From: Alain LaBont/e'/ (alb@sct.gouv.qc.ca)
Date: Tue Feb 04 1997 - 08:58:15 EST


At 19:01 97-02-03 -0700, Mark Leisher wrote:
>As a programmer, I don't look at regular expressions as patterns of letters,
>I look at them as patterns of character codes. Occasionally, these character
>codes happen to have graphic symbols associated which can be used as a
>shorthand.

That makes your program not portable, but that is a choice I can't discuss..

>I further contend that no programmer experienced with character sets other
>than ASCII still believes that regexp's are patterns of letters and not
>character codes. Unfortunately, many programmers still believe the "letter"
>model.

Precisely, we are on the same wave length. I would say most programmers,
though. And those who pretend the contrary most of the time unconsciously
behave like the others. They know it, but that knowledge is not integrated
in their mind (because it is misleading and not natural).
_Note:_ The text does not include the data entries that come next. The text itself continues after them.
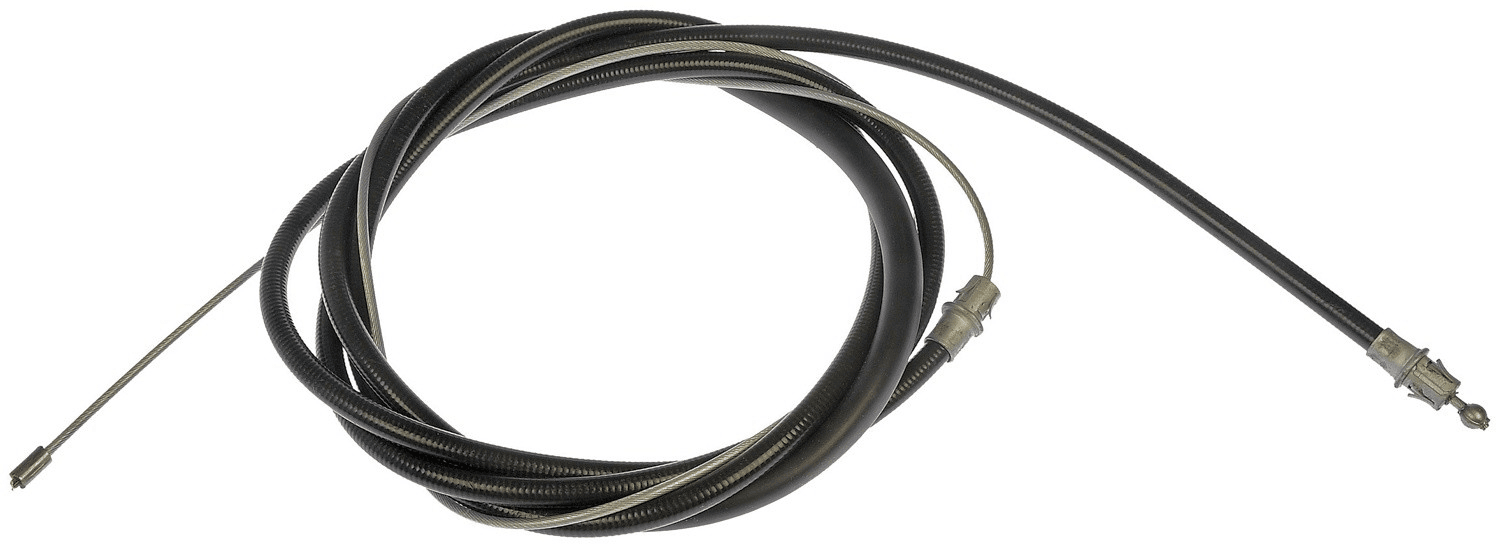 Handbremsseil vorne E350 Van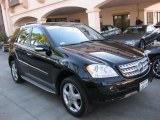 2008 Mercedes-Benz ML 350 4Matic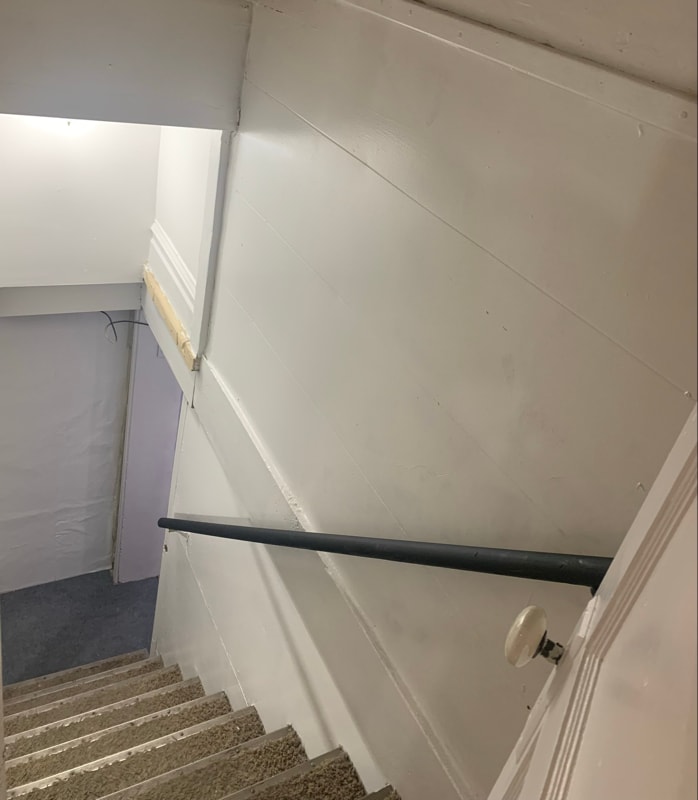 Building Photo - 2031 Jefferson Ave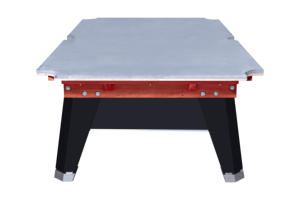 Mesa de Billar Rasson de Madera Maciza con Retorno de Bolas, Estándares de Torneo, Precio de Fábrica al por Mayor de Vietnam, Mesa de Pool de 9 pies - Product Image 6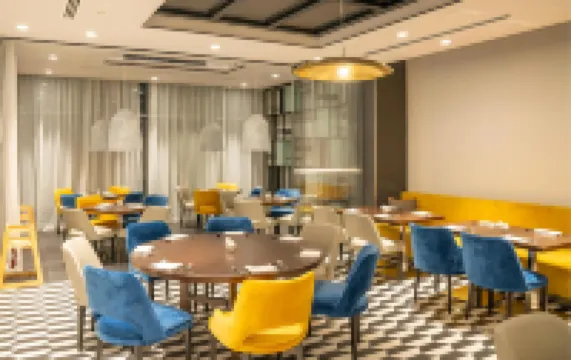 Hyatt Place Dubai Jumeirah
>I am looking at a document containing a mixture of Arabic, Chinese, English
>and Vietnamese (encoded in UCS2). When I say, "find all occurences of [a-z]",
>I want the ability to get different behaviors depending on the task:
>
> 1. Skip the Arabic text, match all English lower case letters between "a"
> and "z" in the collation sense, match all the lower case QuanJiao
> (a.k.a. Zenkaku, Fullwidth, or Wide) letters between "a" and "z" in
> the Hanyu Pinyin collation sense, and match lower case Vietnamese
> consonants plus vowels with no tone or diacritic marks.

The "hanyu pinyin" I know (the canonical one, the one I use) also has
tone-mark accented letters, certain with two marks like Vietnamese... just a
remark like this...

> 2. Everything the same as (1) except match *all* lower case Vietnamese
> letters between "a" and "z" in the collation sense, which includes all
> the vowels with tone and/or diacritic marks.
>
>Do I need different version of the UCS2 locale for each possible
>interpretation of "[a-z]" I need for Vietnamese?

That's the idea of a traditional locale. However in ISO/IEC CD 14651 we
completely redefine the comparison operation (we introduce the concept of
equivalence at different levels of comparison) and that allows you to do all
that with a single operation without changing locales...

Hence "La Bonté" is equivalent to "labonte" at level 1, it is not at level 2
or higher... it is equivalent to "labonté" at level 2, it is not at level 3
or higher (note that there is a space in the reference, none in the
comparand, that is intentional), it is equivalent to "LaBonté" at level 3
and it is not at higher levels and finally it is absolutely identical (or
equivalent at level 4) to "La Bonté" (note that the standard makes this
code-independent too!)

I think that this information could be useful to internationalizers/localizers.